Sie moderiert «10 vor 10» und gehört zu den bekannten Schweizer TV-Gesichtern. Beim abgesagten Marketing Tag hätte sie den Media Talk zur Zukunft der Medien geleitet. MK hat sich mit ihr im Vorfeld zur Thematik unterhalten.

Susanne-Wille

MK: Frau Wille, welche Entwicklungen und Trends prophezeien Sie der Medienwelt für 2020?

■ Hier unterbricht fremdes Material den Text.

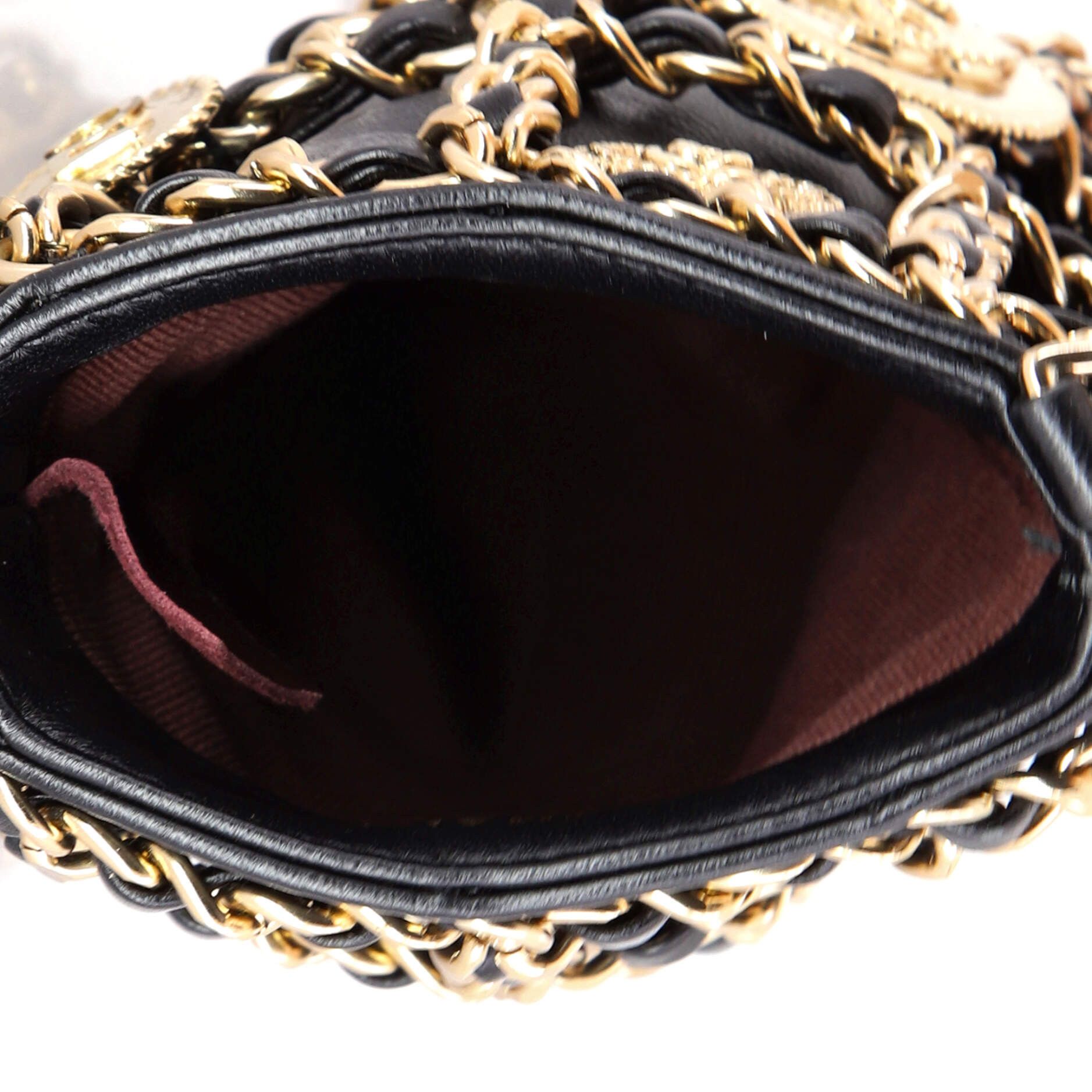 Chanel Tech Me Out Medallion Clutch With Chain Size ONE SIZE - 5 Thumbnail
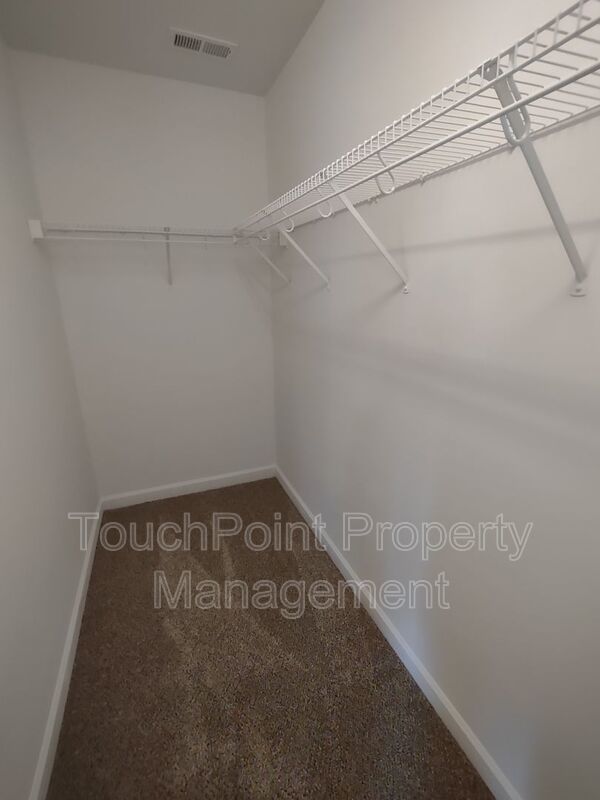 Charming 2 story, 4 bedroom, 2.5 bath home located in the Taylor Glen Subdivision! property image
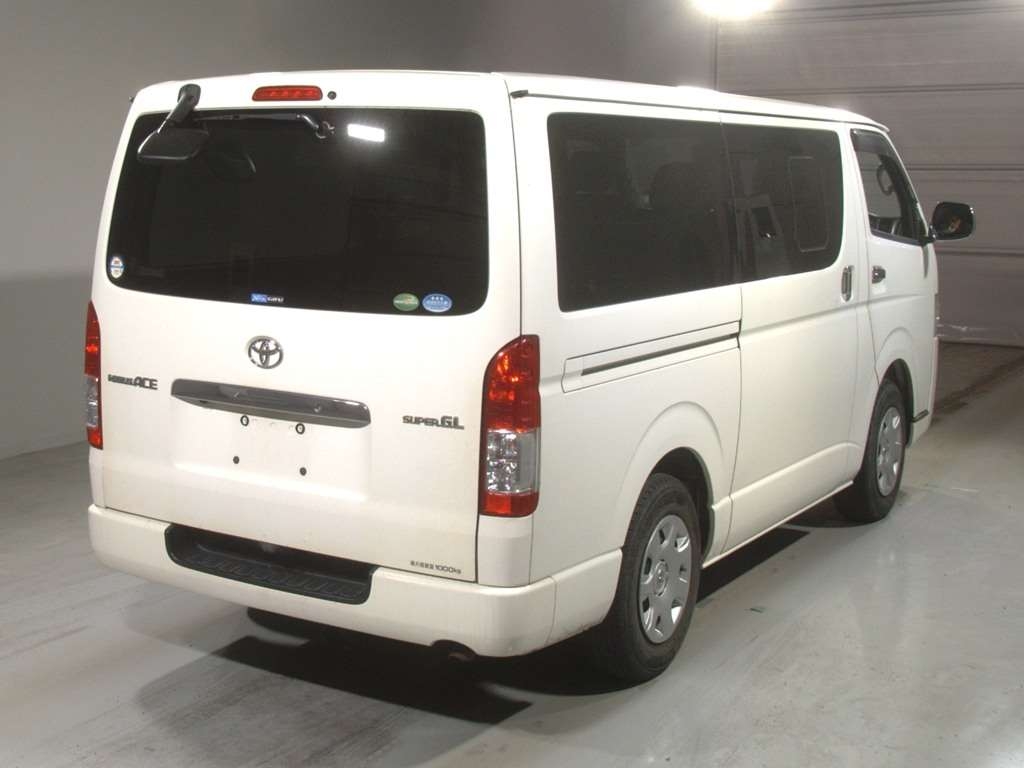TOYOTA REGIUS ACE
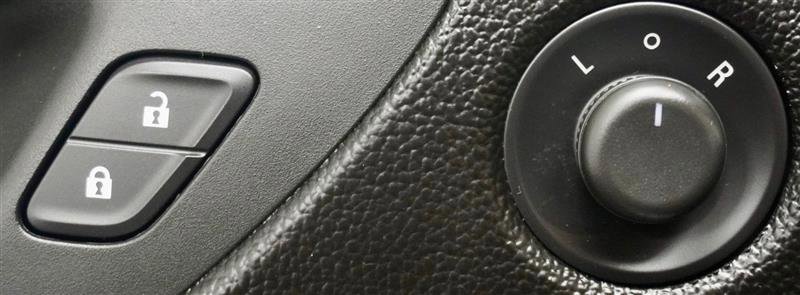 Used 2018 Chevrolet Cruze LS image 30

Susanne Wille: Ich könnte jetzt ganz viele Trends aufzählen. Podcasts, Kurzvideos, Erklärhilfen. Aber: über allen Trends steht das Tempo des technologischen Wandels und die Ungewissheit. Facebook ist bei den Jungen out, dafür reden wir heute von Tiktok oder Twitch. Aber was kommt als Nächstes? Und wo liegt die nächste disruptive Innovation? Darum ist zentral, die Firmenkulturen so zu verändern, dass man schlauer, beweglicher, experimentierfreudiger wird. Wir müssen uns viel mehr Gedanken machen, welche Veränderungen auf uns zukommen und wie wir uns heute darauf vorbereiten.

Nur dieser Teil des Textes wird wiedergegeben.